GIVEN RECORDS =>
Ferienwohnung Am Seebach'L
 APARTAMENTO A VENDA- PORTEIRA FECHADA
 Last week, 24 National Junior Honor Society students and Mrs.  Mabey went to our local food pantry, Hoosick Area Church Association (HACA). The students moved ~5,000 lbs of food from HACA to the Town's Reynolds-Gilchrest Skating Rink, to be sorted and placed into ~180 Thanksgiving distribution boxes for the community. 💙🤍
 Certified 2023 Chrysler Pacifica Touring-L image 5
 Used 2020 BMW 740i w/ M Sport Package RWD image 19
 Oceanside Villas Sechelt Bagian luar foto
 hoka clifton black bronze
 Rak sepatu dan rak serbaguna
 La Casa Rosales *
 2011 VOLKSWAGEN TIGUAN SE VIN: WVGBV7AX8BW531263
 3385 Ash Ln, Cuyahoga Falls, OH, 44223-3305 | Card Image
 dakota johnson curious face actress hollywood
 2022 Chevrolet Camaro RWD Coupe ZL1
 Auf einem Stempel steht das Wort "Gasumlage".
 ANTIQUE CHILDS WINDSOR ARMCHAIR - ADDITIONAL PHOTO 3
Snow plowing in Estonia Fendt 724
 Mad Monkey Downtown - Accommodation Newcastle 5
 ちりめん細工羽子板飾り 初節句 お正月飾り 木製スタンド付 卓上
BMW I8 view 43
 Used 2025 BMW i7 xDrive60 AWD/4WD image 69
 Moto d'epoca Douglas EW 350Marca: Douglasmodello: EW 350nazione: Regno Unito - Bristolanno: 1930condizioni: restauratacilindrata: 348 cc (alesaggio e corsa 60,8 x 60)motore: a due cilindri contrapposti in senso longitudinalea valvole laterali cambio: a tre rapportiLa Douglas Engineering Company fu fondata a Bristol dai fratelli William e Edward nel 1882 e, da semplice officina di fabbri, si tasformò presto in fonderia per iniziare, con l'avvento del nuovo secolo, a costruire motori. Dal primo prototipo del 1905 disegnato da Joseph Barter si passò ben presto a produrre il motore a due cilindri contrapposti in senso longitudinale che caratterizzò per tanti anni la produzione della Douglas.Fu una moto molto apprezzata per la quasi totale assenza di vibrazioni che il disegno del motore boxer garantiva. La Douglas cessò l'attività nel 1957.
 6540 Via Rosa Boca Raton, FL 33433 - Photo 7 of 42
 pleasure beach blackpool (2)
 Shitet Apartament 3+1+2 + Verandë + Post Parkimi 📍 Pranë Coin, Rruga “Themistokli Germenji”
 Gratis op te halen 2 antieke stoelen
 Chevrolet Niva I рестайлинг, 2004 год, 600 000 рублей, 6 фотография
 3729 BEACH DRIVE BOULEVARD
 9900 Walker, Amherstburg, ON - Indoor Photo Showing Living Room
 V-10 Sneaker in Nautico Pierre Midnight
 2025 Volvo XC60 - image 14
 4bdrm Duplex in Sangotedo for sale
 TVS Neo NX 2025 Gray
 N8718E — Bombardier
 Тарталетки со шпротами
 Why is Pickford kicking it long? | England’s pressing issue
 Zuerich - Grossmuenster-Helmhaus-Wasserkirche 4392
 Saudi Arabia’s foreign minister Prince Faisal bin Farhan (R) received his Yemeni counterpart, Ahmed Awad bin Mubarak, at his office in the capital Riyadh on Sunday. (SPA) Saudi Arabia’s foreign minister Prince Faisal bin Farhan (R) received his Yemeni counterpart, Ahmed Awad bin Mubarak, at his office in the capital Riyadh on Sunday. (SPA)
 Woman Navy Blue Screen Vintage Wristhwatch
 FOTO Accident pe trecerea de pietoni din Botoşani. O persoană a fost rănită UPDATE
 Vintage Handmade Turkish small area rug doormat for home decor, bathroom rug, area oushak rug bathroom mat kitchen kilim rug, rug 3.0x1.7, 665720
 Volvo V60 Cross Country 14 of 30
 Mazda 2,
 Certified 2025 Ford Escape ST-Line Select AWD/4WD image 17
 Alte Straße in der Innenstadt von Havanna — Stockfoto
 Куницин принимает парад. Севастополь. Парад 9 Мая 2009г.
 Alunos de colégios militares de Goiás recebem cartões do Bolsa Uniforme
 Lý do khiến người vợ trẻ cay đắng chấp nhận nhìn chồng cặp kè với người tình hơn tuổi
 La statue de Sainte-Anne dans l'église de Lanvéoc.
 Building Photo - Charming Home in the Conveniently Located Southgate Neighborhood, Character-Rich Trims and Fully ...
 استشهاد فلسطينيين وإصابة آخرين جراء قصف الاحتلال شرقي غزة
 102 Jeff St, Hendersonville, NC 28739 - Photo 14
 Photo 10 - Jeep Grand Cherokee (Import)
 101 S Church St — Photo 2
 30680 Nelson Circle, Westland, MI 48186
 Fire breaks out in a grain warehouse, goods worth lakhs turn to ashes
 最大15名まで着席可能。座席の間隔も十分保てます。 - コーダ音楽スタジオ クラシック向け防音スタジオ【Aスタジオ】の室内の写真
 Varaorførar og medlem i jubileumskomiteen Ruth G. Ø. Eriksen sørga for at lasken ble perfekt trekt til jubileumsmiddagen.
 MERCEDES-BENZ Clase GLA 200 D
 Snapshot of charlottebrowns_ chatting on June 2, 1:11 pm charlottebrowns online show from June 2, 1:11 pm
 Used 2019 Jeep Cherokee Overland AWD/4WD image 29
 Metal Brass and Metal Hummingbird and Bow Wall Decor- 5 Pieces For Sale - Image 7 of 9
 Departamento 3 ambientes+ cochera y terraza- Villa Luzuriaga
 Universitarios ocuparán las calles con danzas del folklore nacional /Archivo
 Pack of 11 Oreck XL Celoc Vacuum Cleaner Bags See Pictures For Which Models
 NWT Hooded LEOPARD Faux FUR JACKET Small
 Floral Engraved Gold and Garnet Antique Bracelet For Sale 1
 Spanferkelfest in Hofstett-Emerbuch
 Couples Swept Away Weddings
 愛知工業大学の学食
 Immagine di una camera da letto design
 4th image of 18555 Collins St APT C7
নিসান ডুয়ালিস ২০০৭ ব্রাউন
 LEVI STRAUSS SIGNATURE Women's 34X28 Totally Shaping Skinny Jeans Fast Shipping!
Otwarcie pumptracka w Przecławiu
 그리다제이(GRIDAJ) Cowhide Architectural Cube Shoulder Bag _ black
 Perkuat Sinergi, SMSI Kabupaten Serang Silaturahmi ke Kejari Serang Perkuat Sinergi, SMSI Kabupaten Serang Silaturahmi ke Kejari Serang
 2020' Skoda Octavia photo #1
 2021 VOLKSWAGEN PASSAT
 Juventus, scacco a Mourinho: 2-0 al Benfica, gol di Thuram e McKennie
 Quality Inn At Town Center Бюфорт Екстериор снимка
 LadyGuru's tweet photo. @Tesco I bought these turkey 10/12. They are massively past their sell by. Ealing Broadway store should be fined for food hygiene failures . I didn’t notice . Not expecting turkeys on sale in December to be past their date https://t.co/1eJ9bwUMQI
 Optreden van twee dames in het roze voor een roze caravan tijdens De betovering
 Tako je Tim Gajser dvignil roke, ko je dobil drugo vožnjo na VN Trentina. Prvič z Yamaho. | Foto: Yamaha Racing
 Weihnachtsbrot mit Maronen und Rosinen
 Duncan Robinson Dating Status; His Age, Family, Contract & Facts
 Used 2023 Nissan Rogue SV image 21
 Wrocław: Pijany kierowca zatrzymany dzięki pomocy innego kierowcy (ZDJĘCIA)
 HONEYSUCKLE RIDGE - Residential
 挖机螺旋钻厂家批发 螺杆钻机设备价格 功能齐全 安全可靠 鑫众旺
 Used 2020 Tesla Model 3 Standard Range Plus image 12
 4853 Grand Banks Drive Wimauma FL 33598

WHAT YOU HAVE TO DO => Nothing but the lines above from the one containing "Photo 10 - Jeep Grand Cherokee (Import)" through the one containing "নিসান ডুয়ালিস ২০০৭ ব্রাউন" should appear in the answer, each repeated exactly.

OUTPUT FOR THIS EXERCISE =>
 Photo 10 - Jeep Grand Cherokee (Import)
 101 S Church St — Photo 2
 30680 Nelson Circle, Westland, MI 48186
 Fire breaks out in a grain warehouse, goods worth lakhs turn to ashes
 最大15名まで着席可能。座席の間隔も十分保てます。 - コーダ音楽スタジオ クラシック向け防音スタジオ【Aスタジオ】の室内の写真
 Varaorførar og medlem i jubileumskomiteen Ruth G. Ø. Eriksen sørga for at lasken ble perfekt trekt til jubileumsmiddagen.
 MERCEDES-BENZ Clase GLA 200 D
 Snapshot of charlottebrowns_ chatting on June 2, 1:11 pm charlottebrowns online show from June 2, 1:11 pm
 Used 2019 Jeep Cherokee Overland AWD/4WD image 29
 Metal Brass and Metal Hummingbird and Bow Wall Decor- 5 Pieces For Sale - Image 7 of 9
 Departamento 3 ambientes+ cochera y terraza- Villa Luzuriaga
 Universitarios ocuparán las calles con danzas del folklore nacional /Archivo
 Pack of 11 Oreck XL Celoc Vacuum Cleaner Bags See Pictures For Which Models
 NWT Hooded LEOPARD Faux FUR JACKET Small
 Floral Engraved Gold and Garnet Antique Bracelet For Sale 1
 Spanferkelfest in Hofstett-Emerbuch
 Couples Swept Away Weddings
 愛知工業大学の学食
 Immagine di una camera da letto design
 4th image of 18555 Collins St APT C7
নিসান ডুয়ালিস ২০০৭ ব্রাউন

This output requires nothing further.